[Opening Supplied information section]

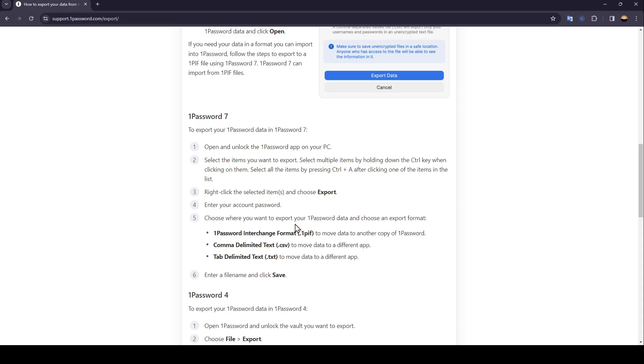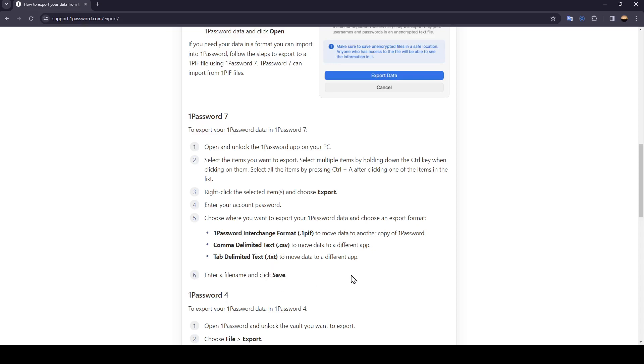Choose where you want to export your 1Password data and choose an export format. You can either choose 1Password interchange format, comma delimited text, or tab delimited text. Enter a file name and then click on save.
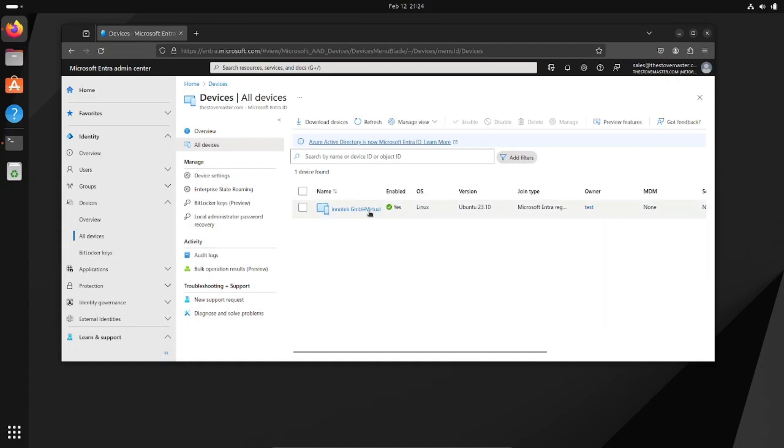And there it is. You can see now that it's joined and it shows the Linux OS, shows Ubuntu 23.10. And there we go.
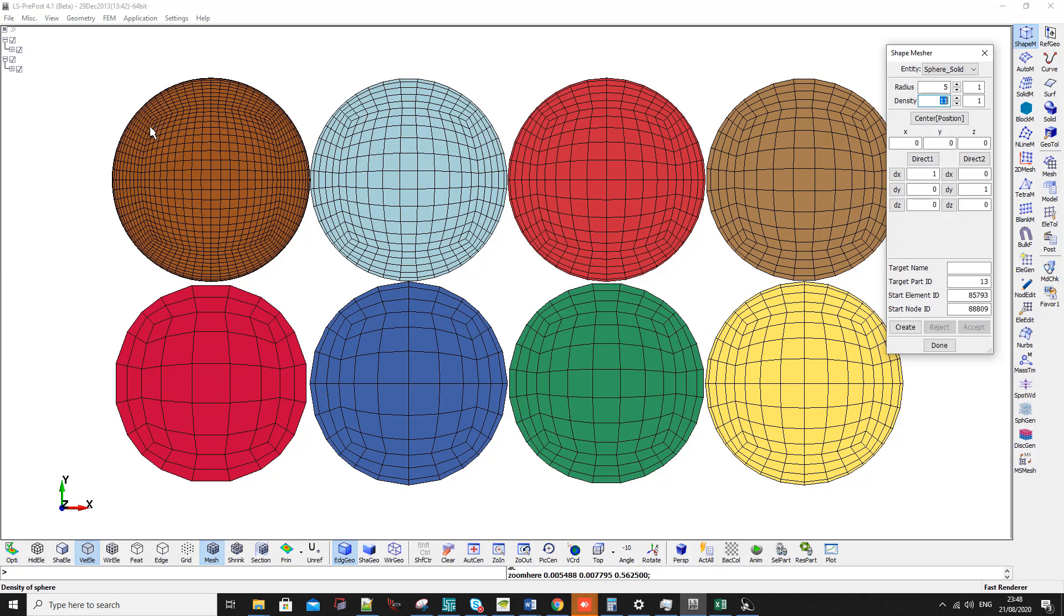How is this useful? This is useful when you want to do a quarter or half model, because you need to delete the elements through the half plane. If you have an odd number of elements here, it will be difficult for you to delete them.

[Closing Supplied information section]

● What is being asked
Please reprint the whole listing exactly and omit its pictures.

● Solution to the exercise
Choose where you want to export your 1Password data and choose an export format. You can either choose 1Password interchange format, comma delimited text, or tab delimited text. Enter a file name and then click on save.
And there it is. You can see now that it's joined and it shows the Linux OS, shows Ubuntu 23.10. And there we go.
How is this useful? This is useful when you want to do a quarter or half model, because you need to delete the elements through the half plane. If you have an odd number of elements here, it will be difficult for you to delete them.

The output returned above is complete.